Submitted on Thu, 15 Dec 2016 - 06:07 PM
Alarm has been raised over last minute changes to the controversial Computer Crime Bill that the National Legislative Assembly (NLA) will vote on tomorrow. The addition of the ambiguous phrase ‘distorted content’ threatens to broaden the scope of content that could warrant prosecution.
On 15 December 2016, the NLA agenda included a newly amended draft of the Computer Crime Bill, which aims to give the state greater authority to suppress online content. In Section 14, which bans the distribution of ‘false content’, the phrase ‘distorted computer data’ appears for the first time.
Section 14. Any person who commits any offence of the following acts shall be subject to imprisonment for not more than five years or a fine of not more than one hundred thousand baht or both:
(1) that involves import to a computer system of forged or distorted computer data, either in whole or in part, or false computer data, in a manner that is likely to cause damage to that third party or the public and not an offence under defamation law of the Criminal Code
Concern is that the eleventh hour inclusion of the vague term ‘distorted computer data’ will unreasonably broaden the definition of content deemed illegal under the Computer Crime Bill.

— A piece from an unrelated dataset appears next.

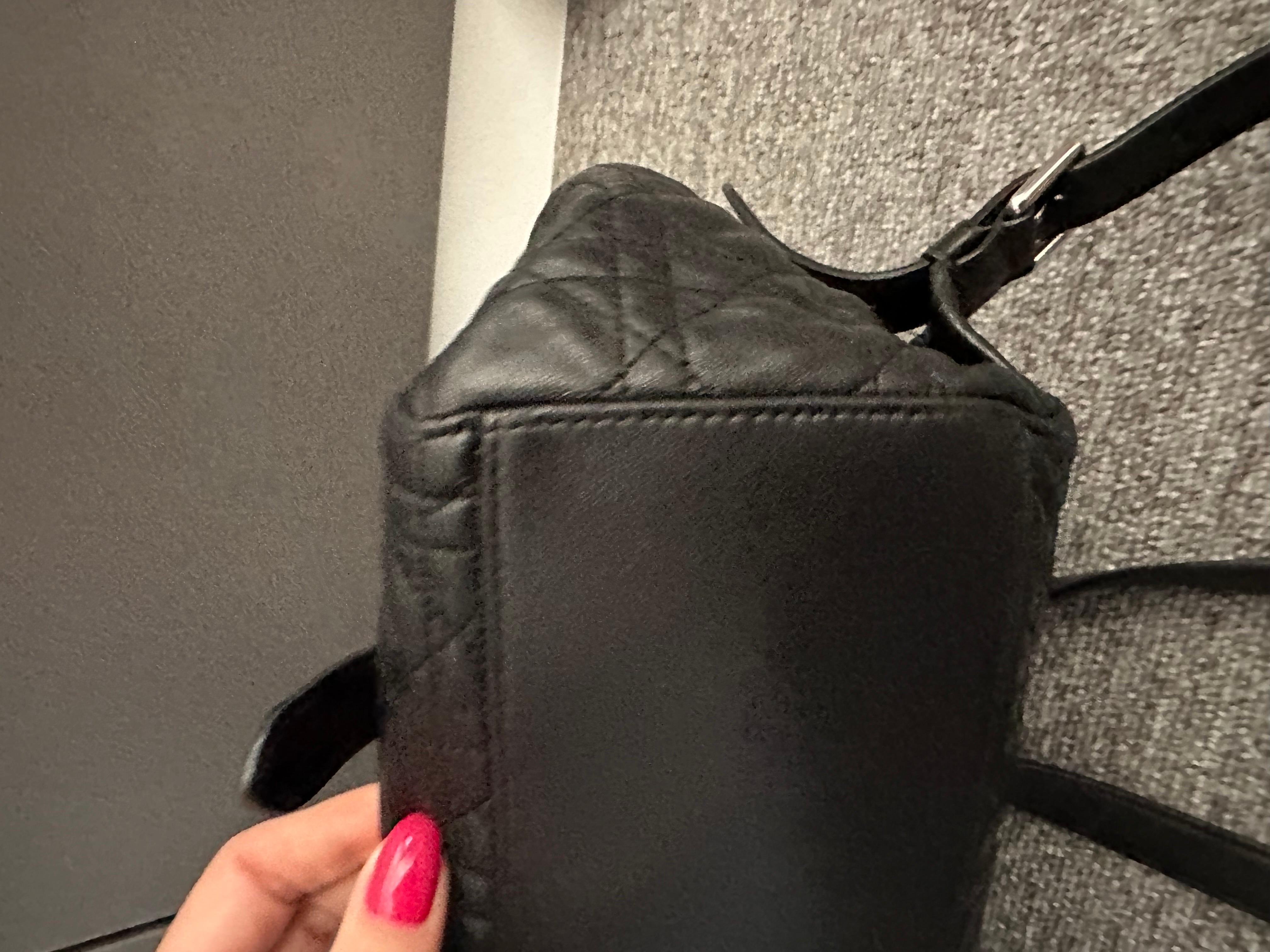 CHRISTIAN DIOR Black Lambskin Cannage Large Stardust Backpack 8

Sarinee Achavanuntakul from the Thai Netizen Network (TNN) argues the previous banning of ‘distorted computer data’ under the Referendum Act allowed the junta to arbitrarily silence dissidents who criticised the draft constitution.
But the Referendum Act, Sarinee notes, covered only information relevant to the draft charter. If ‘distorted’ online data of any kind is banned, prosecution cases will skyrocket.
“It's not any law's job to dictate what's ‘true’, ‘false’ or ‘distorted’ … Any law that tries to do this therefore essentially tries to control thought,” says Sarinee.
Questions have also been raised over the justification for changing the wording of the bill. The phrase was not proposed during a forum held by the NLA on 23 November 2016 to collect opinions on the draft bill.
Voting on the Computer Crime Bill was postponed from 15 December to 16 December with the circulation of a change.org petition protesting the proposed law that has collected 341, 482 signatures at press time.